One of the great trials of my childhood was that I never (almost never) had Wonder Bread. On Saturdays when I watched a circus show on TV called (I think) “The Big Top” at noon at Gramma Gibbs’s across the street, she would make me a peanut butter sandwich on Cushman’s white bread, but I still didn’t get Wonder Bread.
Sadly, my mother was into health food long before it was popular and I was forced to carry whole wheat or oatmeal bread sandwiches to school for lunch. As far as I could tell, everyone else had Wonder Bread.
According to the TV ads, “Wonder Bread helps build strong bodies twelve ways!” There were no ads for oatmeal bread, but my mother assured me that it was good for me.
I have been meditating on Wonder Bread since I learned that the Hostess Baking Company has declared bankruptcy (again) and is shutting down. No more Hostess Cup Cakes or Snowballs or Twinkies. I thought Twinkies were eternal.
The company is blaming the unions and there is some truth to that. Apparently one of the unions had a deal whereby they could not be required to carry baked goods and bread on the same truck, which meant two different trucks for the same route. On the other hand, in one of the earlier bankruptcy reorganizations the CEO negotiated pay and benefit reductions with the unions and then gave himself a 300% pay raise (which he earned by negotiating those reductions).
There is certainly enough blame to go around.

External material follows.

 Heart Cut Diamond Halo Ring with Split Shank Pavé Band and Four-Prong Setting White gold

Those of us who paid attention to Reinhold Niebuhr are not surprised to find that the tendency to self-interest is found in unions as well as in management. Niebuhr was in favor of unions, not because they were pure and blameless, but because they provided a countervailing force to the power of corporations.
It is worth noting that in the in the Wonder Bread and Twinkie world of the 1950’s, unions were much stronger than they are today. In the mid-fifties approximately one-third of all workers were unionized. Management and workers bargained as equals. And on top of that, the highest marginal tax rate was 91%.

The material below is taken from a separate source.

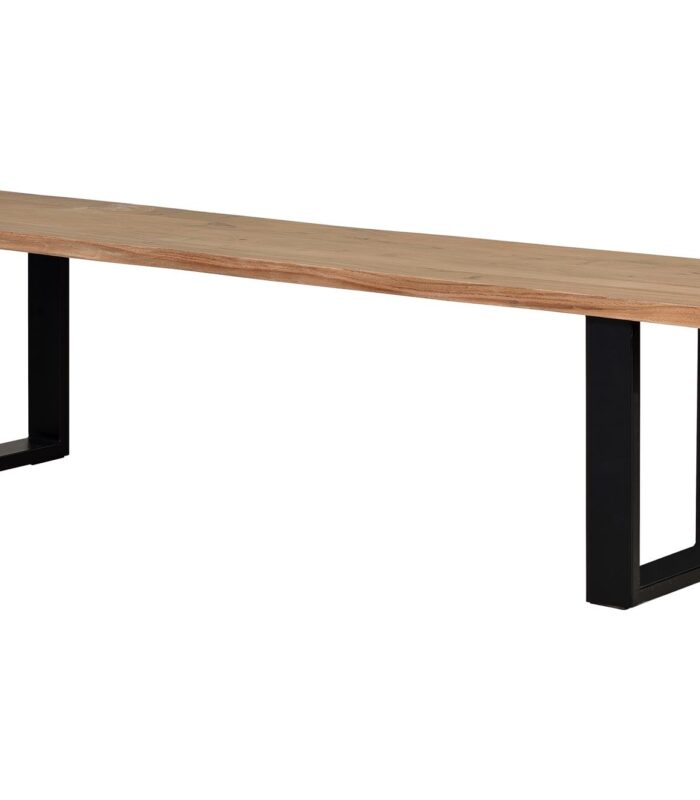 BANCO EN MADERA DE ACACIA, CON BASE DE METAL.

In that postwar environment of strong unions and (relatively) high taxes, we thrived. Middle class income grew dramatically and we enjoyed perhaps the greatest prosperity in the history of the world.
Ironically, there is much more nostalgia for Twinkies and Wonder Bread than for stronger unions and higher taxes, even though we know that Twinkies and Wonder Bread and Hostess Cup Cakes are not good for us. (My mother was right all along!)

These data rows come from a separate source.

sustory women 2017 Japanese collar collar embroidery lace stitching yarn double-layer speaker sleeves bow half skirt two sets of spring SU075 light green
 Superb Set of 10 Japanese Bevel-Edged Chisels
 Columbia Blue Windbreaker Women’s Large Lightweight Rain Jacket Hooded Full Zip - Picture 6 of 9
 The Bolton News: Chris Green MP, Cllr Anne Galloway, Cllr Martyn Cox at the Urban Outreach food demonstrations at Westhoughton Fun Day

There are lots of things about the post-war era that we don’t miss. The disabled were institutionalized and out of sight. Black people rode at the back of the bus. Gays were kept in the closet. And women did not stray from the kitchen.
Restoring the higher marginal tax rates of the fifties will not magically create prosperity (but investments in infrastructure—remember the interstate highway system—can make a difference). And restoring the power of the unions is impossible in the new global economy. But there are still positive lessons to learn from those “Wonder Years.” It is possible to have prosperity without asking those at the bottom to have less so that those at the top can have more.